Yet, India’s role in the future global hydrogen economy is uncertain. The nascent hydrogen value chain is complex, and countries are determining how they will integrate within this growing market. Among the largest economies in the world, the G20, most countries have stated intentions to become net exporters of hydrogen (see Table 2).

In the case of India, and many other stated exporters, the feasibility of these hydrogen export goals are unclear. Some previous analyses classify India as a clear (future) importer or bystander of clean hydrogen and many of its derivatives (such as ammonia or methanol) while others conclude that India is posed to be a medium to large exporter in future hydrogen markets.

This analysis aims to build on this discussion by precisely quantifying India's position within the global hydrogen landscape through clean hydrogen production costs. The opening section defines the hydrogen value chain at-large and various hydrogen production methods. Next, the following section describes the current state of this value chain globally and domestically in India and then defines a modeling framework to estimate current and future production costs of clean hydrogen and their drivers within India with relevant comparisons traditional hydrogen production methods. Subsequently, the analysis contextualizes India’s clean hydrogen production costs to the G20 at-large. The author then offers conclusions and recommendations to those looking to understand what role India will play in the future of global hydrogen.

2. DEFINING CLEAN HYDROGEN AND THE HYDROGEN VALUE CHAIN

Source: Author adaptation from McKinsey analysis.

The hydrogen value chain consists of three interconnected components: production, storage and transportation, and downstream use cases. After production, hydrogen can be stored in both liquid and gaseous states, or as chemical derivatives like ammonia. Pipelines, liquid hydrogen, and ammonia shipping are the primary transportation methods. Significant uncertainty exists within this stage specifically concerning the safety, cost, and accessibility of these storage and transport methods. While there are several hydrogen pipelines integrated globally, hydrogen shipping is largely untested, with the world’s first liquified hydrogen carrier being built in 2020 and the first test shipment occurring in February 2022. To date, no other carrier has been built or operationalized.
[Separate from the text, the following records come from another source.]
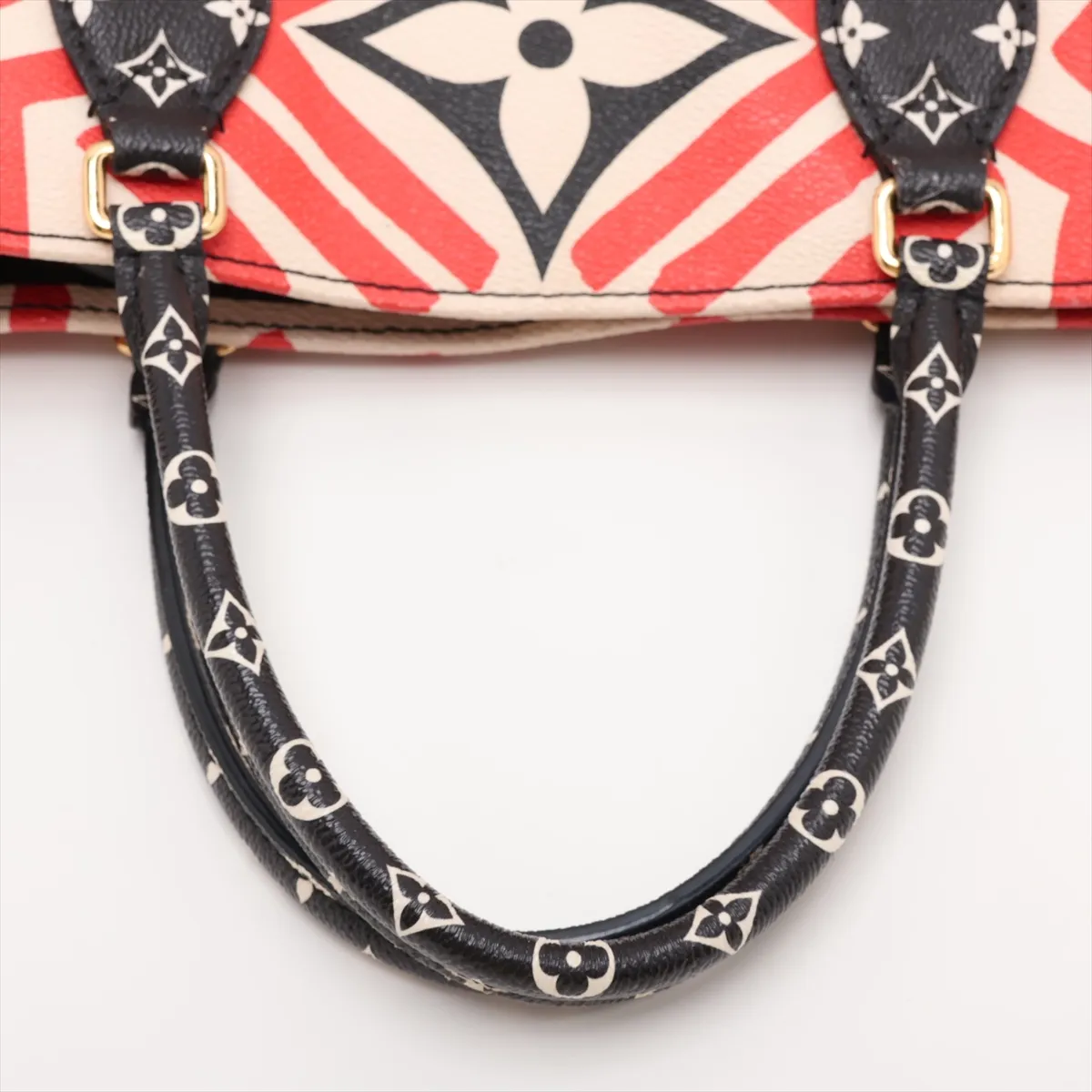 LV Crafty OnTheGo GM M45358 FN2260 Red x Black (RFID detected) — view 7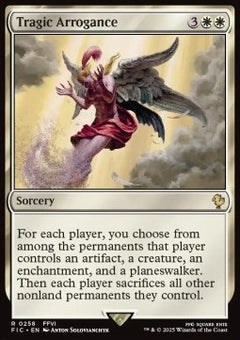 Tragic Arrogance⁣ - Commander: Magic: The Gathering - FINAL FANTASY⁣ (Rare)⁣ [258]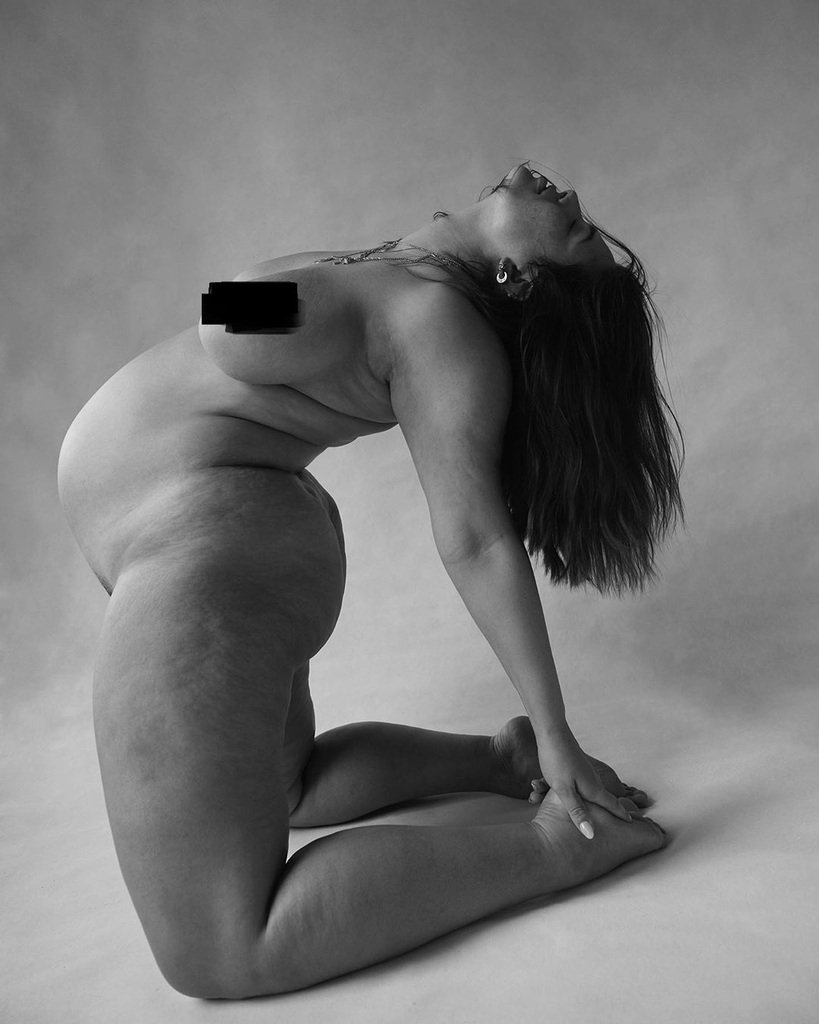 Plus Size Model Ashley Graham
Finally, in downstream use cases, hydrogen and its derivatives are the primary inputs in several hard-to-abate industries such as fertilizers, refineries, and steel production.

Various hydrogen production methods and their associated greenhouse gas emissions are often classified by colors. The three most common production methods are grey, blue, and green hydrogen (Table 1). Grey hydrogen is hydrogen generated through natural gas, primarily through a process in which natural gas reacts with steam in the presence of a catalyst to produce hydrogen. Carbon dioxide is emitted as a byproduct of this process. The blue hydrogen synthesis process mirrors grey hydrogen, except for the addition of carbon capture technology, which captures a percentage of the CO2 byproduct, reducing overall emissions. Green hydrogen is defined as hydrogen produced using purely renewable energy resources (like wind, solar, hydropower). Specifically, renewable energy powers an electrolyzer, where electricity splits a water molecule into its constituent hydrogen and oxygen molecules. This process is emissions-free so long as the input electricity is also emissions-free. Note that some countries, like India, also consider biomass-derived hydrogen to be in the “green” class.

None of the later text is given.